A certa altura, sem resistir aos argumentos pífios do revisor que
transformara Delúbio Soares em maior responsável pelo esquema - nem mesmo Dias
Toffoli, que também absolveu Dirceu, absolveu Genoino, elevando um pouco acima
o nível de responsabilidade pelos crimes -, Marco Aurélio comentou:
"Tivesse Delúbio Soares a desenvoltura intelectual e material a ele
atribuída, não seria somente tesoureiro do partido. Quem sabe teria chegado a
um cargo muito maior. Apontar Delúbio como bode expiatório como se tivesse a
utonomia suficiente para levantar R$ 60 milhões - já não sei mais a quantia e
distribuir esses milhões -, ele próprio definindo os destinatários, sem
conhecimento da cúpula do PT? A conclusão subestima a inteligência
mediana".
Definida a culpabilidade de Dirceu, Genoino e Delúbio, o chamado núcleo
político do PT na ocasião dos crimes, ficará para o final a decisão sobre a
pena de cada um. Quando chegar a ocasião em que o Tribunal definirá os
critérios, serão levadas em conta normas do Código Penal, que manda analisar a
culpabilidade, os antecedentes, a conduta social e a personalidade do agente.

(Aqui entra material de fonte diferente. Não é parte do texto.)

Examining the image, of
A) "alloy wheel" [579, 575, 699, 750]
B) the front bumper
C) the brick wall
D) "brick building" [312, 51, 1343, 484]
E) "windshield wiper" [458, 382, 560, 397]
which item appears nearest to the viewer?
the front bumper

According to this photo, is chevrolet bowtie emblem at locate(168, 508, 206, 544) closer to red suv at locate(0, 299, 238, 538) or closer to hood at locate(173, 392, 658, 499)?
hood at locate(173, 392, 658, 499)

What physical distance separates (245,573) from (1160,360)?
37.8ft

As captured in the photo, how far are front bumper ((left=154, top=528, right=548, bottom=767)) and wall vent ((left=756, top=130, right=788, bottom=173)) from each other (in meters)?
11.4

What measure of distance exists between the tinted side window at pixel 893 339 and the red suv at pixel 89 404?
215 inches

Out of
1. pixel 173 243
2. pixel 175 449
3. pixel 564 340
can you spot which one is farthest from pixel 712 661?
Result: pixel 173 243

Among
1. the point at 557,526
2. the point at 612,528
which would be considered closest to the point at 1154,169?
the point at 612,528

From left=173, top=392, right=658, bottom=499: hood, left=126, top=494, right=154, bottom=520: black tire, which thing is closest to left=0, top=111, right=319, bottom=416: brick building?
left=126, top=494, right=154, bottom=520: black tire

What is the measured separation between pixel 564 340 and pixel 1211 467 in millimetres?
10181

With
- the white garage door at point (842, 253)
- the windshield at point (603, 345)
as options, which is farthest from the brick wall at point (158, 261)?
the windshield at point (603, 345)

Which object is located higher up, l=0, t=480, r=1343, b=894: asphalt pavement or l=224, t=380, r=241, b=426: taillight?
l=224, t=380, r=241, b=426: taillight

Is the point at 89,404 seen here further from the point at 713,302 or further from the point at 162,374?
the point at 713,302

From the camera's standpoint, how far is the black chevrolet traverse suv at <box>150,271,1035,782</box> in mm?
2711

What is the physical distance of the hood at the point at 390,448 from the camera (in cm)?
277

É agravante, por exemplo, o fato de o crime ser cometido "com abuso de
poder ou violação de dever inerente a cargo, ofício, ministério ou
profissão".
Outro tipo de crime, pelo qual o núcleo político petista ainda será julgado,
é o de formação de quadrilha. Já há quatro votos, em item anterior, contra a
tese da quadrilha em relação aos políticos de partidos aliados envolvidos no
julgamento. Caso se mantenha a posição dos demais ministros, Dirceu, Genoino e
Delúbio deverão ser condenados por 6 a 4, o que lhes permitirá, em tese,
embargos infringentes para questionar a decisão. Mas Dirceu, apontado pelo
Ministério Público como o "chefe da quadrilha", pode ter a pena
agravada, pois há uma disposição na legislação criminal em relação a quem
"promove ou organiza a cooperação no crime ou dirige a atividade dos demais
agentes".
O maior problema dos condenados por corrupção ativa é que eles foram
acusados de "concurso material", o que significa que as penas são
somadas.
Dirceu, por exemplo, foi condenado por nove crimes. Assim, se pegar a pena
mínima de dois anos (a máxima é de 12) - o que é improvável pela importância do
cargo que exercia na ocasião -, deverá ser condenado a 18 anos e terá que
cumprir pena em regime fechado por pelo menos três anos.